Yes, the site in Portugal at Vila Nova de Cacela in the Algarve (30 mins from the Spanish border) has a campsite and, to the best of my knowledge will not object to you towing a car.

There is also a site called Alamafra 15 mins from Benidorm on the Costa Blanca that operates as a camp site as well as housing residentials. Don't know whether or not they allow towing. Pretty sure they do but am not positive.

Cheers,

John


----------



## Perseus (Apr 10, 2009)

Hi Ron,

Forgot to mention that there is a good camping site at Cabanas, between Vila Nova de Cacela and Tavira. This a really good site. Have walked round it and the pitches are quite big. No problem with the toad. I saw RVs on there with a car on tow.

John


----------



## greenasthegrass (Oct 27, 2007)

Saw one at Albir Camping Blanck or Cap Blanck couldn't read the logo very well it's on the lovely sea front 11km north of Benidorm.


----------



## sooty10 (Feb 22, 2009)

Think that one is called Cap Blanch at Albia.
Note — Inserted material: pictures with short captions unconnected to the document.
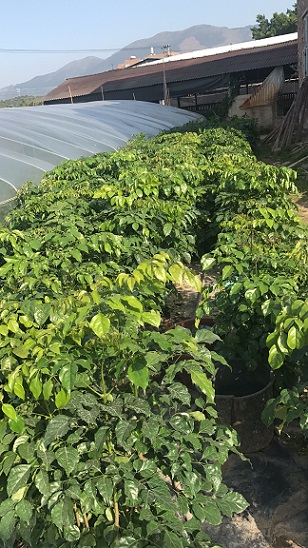 批发供应客厅办公室盆栽观赏绿植绿宝
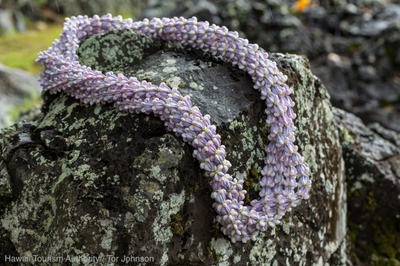 lFte8zr6n5YWC5fO978t.jpg?w=940&h=940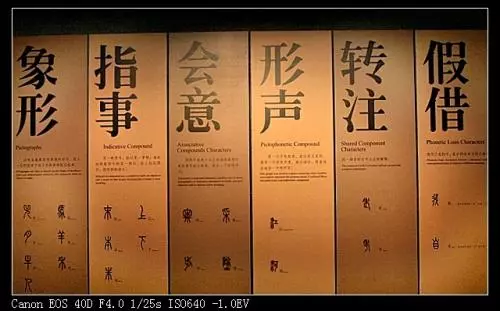 园的部首和结构都是什么(6)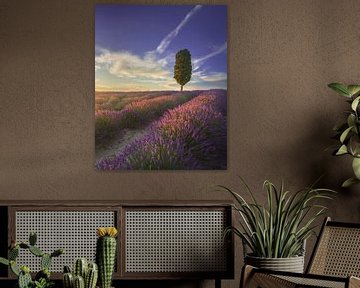 Lavendelveld en cipresboom bij zonsondergang in Toscane van Stefano Orazzini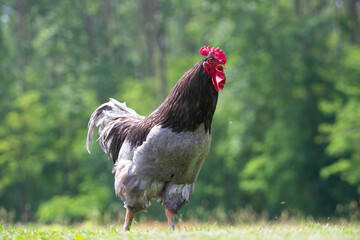 A proud rooster with a bright red comb struts confidently across a field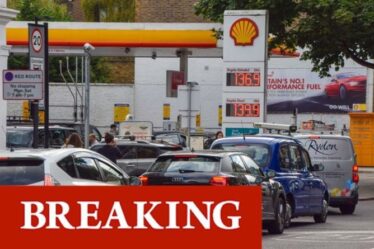 Le chaos de la crise pétrolière «s'aggrave» à Londres et dans le sud-est alors que l'armée est déployée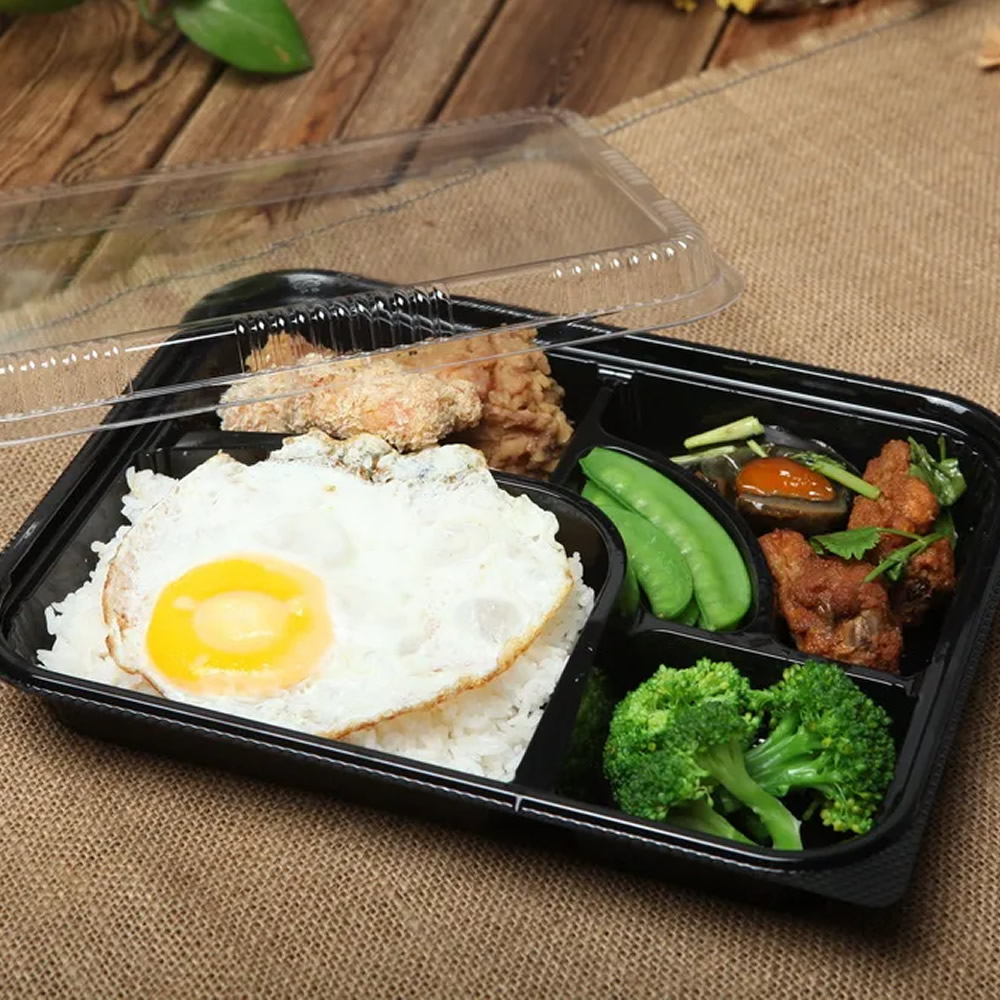 Disposable Bento Box & Lid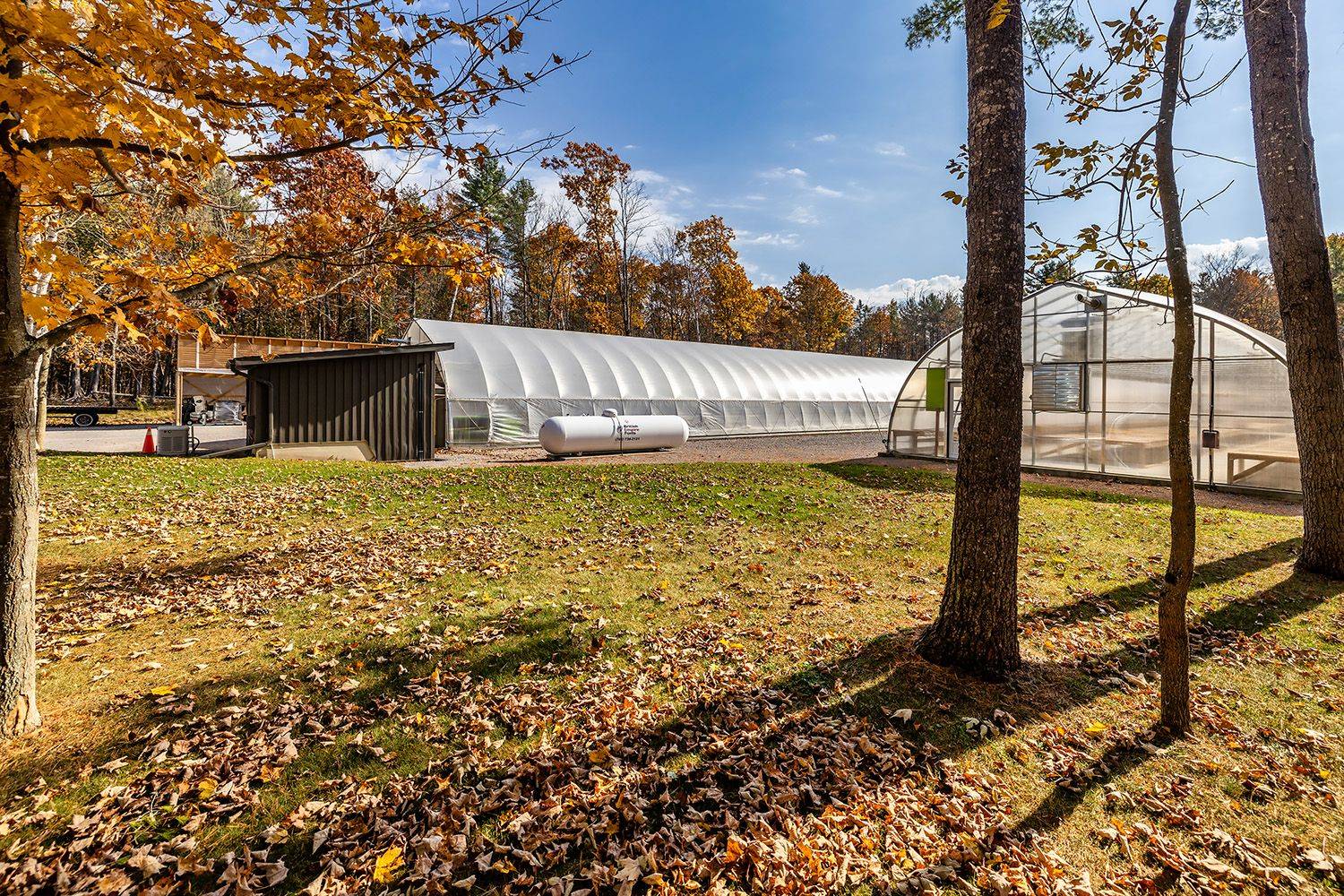 19 Ledge RD, Trent Lakes, ON K0M 1A0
We stayed a couple of nights in April but the locals said it was full from October to March. Plenty of sites at Benidorm, our favourite is El Raco. Just far enough out of town to have a nice walk without being too close.

Sooty


----------



## greenasthegrass (Oct 27, 2007)

I asked reception and they had space but it was two weeks ago perhaps it's full now.

Greenie. :lol:


----------



## mikeT (May 1, 2005)

Hi Ron 
Try this one ACSI site 
Camping Cabo De Gata Almeria
http://www.campingcabodegata.com/en/pitches.html
We are hear till the morning .
its a nice flat site plenty of room for van, trailer and car on the pitch.
There a lot with car's on trailers and A frames hear from time to time 
its very hot hear today 28º
Its also a very nice area we spend a lot of time hear each year .
Mike


----------



## mikeT (May 1, 2005)

Hi Ron 
Try this one ACSI site 
Camping Cabo De Gata Almeria
http://www.campingcabodegata.com/en/pitches.html
We are hear till the morning .
its a nice flat site plenty of room for van, trailer and car on the pitch.
There a lot with car's on trailers and A frames hear from time to time 
its very hot hear today 28º
Its also a very nice area we spend a lot of time hear each year .
Mike


----------



## cavaqueen (Mar 27, 2006)

Hi there,

We have stayed at camping Marjal in Guardamar De Segura for the last 3 Christmases and loved it, they are opening a new site this year which will be open in December, they are advertising on here, so there is plenty of information, and no problem with regards towing a car.

Hope this helps

Cavaqueen


----------



## Chausson (Oct 17, 2006)

Hi Folks
Thanks for your responses I have looked at them all and have opted for Cabo de Gata, I have sent them an email to see if they have any room.
Once again thanks for rapid replies.

Ron


----------